Em um espaço fechado localizado numa curta subida da área aberta da gruta, Adilson pediu ao grupo uma pausa para um momento de meditação. “Fechem seus olhos e sintam a energia deste espaço”, ele instruiu. Adilson explicou que em “vários outros quilombos, eu já senti aquela energia muito pesada de sofrimento… Aqui, não vejo aquela sensação negativa, energias ruins. Aqui sempre tem uma energia boa”. Refletindo sobre os desafios que a ACUQCA tem enfrentado nos últimos anos, Adilson explicou: “É muito correria… me dá vontade de desistir… mas a ancestralidade fala mais alto”. Refletindo sobre a importância da natureza para se centrar, Adilson disse que ele visita regularmente as cachoeiras na floresta e medita. Em suas palavras: “A natureza me dá força”.
Retornando das grutas elevadas e rios sinuosos mais adentro na floresta, a parada final da caminhada foi em um local de escavação, onde a doutoranda em arqueologia Sílvia Peixoto ajudou a ACUQCA a encontrar fragmentos de cerâmica, ferramentas e pratos usados pelos africanos escravizados e por povos indígenas nos séculos XVI e XVII. O Instituto do Patrimônio Histórico e Artístico Nacional (IPHAN) certificou o local como um lugar de significância cultural e histórica, um desdobramento que Adilson tem confiança que irá ajudar a contar a história de sua comunidade—”uma rica história, não contada”—ao resto do mundo.

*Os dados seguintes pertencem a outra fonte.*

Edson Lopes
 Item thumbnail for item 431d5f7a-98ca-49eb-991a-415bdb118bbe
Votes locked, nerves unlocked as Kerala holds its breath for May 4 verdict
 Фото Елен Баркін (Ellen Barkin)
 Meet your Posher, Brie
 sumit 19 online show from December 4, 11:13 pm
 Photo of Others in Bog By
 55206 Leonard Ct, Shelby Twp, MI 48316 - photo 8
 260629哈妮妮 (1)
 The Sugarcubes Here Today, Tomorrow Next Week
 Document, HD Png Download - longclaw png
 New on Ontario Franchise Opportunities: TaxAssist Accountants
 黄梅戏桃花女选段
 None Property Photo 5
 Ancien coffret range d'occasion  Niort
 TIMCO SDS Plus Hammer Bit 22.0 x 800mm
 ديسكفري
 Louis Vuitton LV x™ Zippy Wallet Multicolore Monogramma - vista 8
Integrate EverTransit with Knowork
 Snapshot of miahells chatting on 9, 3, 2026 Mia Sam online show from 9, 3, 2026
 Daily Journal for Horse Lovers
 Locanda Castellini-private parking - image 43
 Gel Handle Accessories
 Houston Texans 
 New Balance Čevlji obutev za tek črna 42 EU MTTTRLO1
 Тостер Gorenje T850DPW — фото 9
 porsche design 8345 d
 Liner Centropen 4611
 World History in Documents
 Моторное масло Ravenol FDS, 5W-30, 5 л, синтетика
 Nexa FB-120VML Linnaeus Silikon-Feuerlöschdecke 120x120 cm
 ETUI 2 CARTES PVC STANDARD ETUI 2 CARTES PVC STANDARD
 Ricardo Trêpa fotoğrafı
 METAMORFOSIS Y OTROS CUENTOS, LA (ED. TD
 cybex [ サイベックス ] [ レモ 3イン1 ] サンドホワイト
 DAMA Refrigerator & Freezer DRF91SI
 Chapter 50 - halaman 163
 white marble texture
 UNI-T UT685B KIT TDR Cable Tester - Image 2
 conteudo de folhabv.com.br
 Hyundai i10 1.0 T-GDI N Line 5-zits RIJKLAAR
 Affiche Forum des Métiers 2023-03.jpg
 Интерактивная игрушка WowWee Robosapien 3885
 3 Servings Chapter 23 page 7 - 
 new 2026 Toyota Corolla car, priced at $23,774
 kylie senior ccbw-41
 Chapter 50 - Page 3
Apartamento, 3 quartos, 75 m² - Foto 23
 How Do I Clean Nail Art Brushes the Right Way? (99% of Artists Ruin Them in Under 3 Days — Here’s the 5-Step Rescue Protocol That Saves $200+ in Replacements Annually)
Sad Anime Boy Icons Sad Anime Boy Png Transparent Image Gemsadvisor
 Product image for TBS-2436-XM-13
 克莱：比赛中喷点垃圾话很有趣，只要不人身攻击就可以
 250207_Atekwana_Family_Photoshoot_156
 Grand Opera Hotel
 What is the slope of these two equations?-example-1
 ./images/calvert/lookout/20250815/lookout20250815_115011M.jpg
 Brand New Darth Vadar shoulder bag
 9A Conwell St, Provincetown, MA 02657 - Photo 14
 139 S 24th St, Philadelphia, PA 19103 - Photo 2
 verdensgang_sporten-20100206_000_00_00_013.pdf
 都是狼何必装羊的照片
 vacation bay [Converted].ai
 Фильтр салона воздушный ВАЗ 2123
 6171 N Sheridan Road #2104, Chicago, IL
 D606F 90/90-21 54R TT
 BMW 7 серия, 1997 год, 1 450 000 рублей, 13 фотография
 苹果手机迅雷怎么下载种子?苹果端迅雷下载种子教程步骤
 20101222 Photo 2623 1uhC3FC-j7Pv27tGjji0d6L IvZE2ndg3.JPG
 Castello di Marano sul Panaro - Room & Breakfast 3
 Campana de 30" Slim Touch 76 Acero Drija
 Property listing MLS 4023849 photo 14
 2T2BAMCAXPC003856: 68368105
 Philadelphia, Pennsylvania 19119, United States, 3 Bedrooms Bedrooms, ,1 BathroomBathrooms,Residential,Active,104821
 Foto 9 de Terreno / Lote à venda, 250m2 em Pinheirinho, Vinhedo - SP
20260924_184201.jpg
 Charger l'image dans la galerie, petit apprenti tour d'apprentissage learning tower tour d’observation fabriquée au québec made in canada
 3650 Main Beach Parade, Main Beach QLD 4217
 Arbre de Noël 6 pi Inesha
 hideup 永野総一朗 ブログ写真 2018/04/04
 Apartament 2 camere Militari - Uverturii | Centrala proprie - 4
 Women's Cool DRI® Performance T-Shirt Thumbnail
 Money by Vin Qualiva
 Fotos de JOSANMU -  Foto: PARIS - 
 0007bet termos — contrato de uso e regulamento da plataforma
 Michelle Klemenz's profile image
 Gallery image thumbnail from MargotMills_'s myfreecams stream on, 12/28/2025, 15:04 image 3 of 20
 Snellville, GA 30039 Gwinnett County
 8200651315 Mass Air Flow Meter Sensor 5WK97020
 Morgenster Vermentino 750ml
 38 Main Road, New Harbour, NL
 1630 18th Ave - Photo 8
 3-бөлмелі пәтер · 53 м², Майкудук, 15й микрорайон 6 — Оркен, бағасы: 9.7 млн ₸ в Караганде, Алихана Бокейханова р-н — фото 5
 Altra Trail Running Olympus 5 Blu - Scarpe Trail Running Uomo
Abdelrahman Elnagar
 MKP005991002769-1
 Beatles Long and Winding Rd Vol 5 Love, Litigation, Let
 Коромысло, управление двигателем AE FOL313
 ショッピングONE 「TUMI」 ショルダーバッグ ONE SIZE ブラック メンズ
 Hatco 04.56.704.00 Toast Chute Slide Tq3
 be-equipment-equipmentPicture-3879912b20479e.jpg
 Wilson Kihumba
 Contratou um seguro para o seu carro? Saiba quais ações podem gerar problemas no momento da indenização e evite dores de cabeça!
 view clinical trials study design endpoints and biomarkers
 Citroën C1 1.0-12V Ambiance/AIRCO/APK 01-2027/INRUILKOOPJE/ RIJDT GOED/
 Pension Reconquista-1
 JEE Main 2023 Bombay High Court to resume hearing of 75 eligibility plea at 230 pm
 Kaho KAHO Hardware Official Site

O grupo da RFS retornou da excursão no território do quilombo pronta para se banquetear na feijoada que os aguardava para o almoço. A feijoada, servida com arroz, couve e pedaços frescos de laranja, é a especialidade do Camorim, regularmente preparados pela ACUQCA para eventos públicos. Antes do almoço, contudo, faltava mais uma atividade. Com a chegada do grupo, membros da ACUQCA se reuniram para uma roda de jongo, uma dança tradicional afro-brasileira que escravos africanos usavam outrora para comunicar planos de fuga e até para zombar de donos de escravos através de letras com duplo sentido. Enquanto os membros da RFS aprendiam o significado das letras de jongo e os passos da dança, membros da ACUQCA mantinham a batida em um conjunto de tambores africanos.
Ao passo que membros da RFS e da ACUQCA partilhavam histórias durante o almoço e se preparavam para a visita da tarde à Eco Rede do Alfazendo, na Cidade de Deus, os pensamentos de despedida de Adilson permaneceram: “Lutar sempre, resistir e nunca desistir”.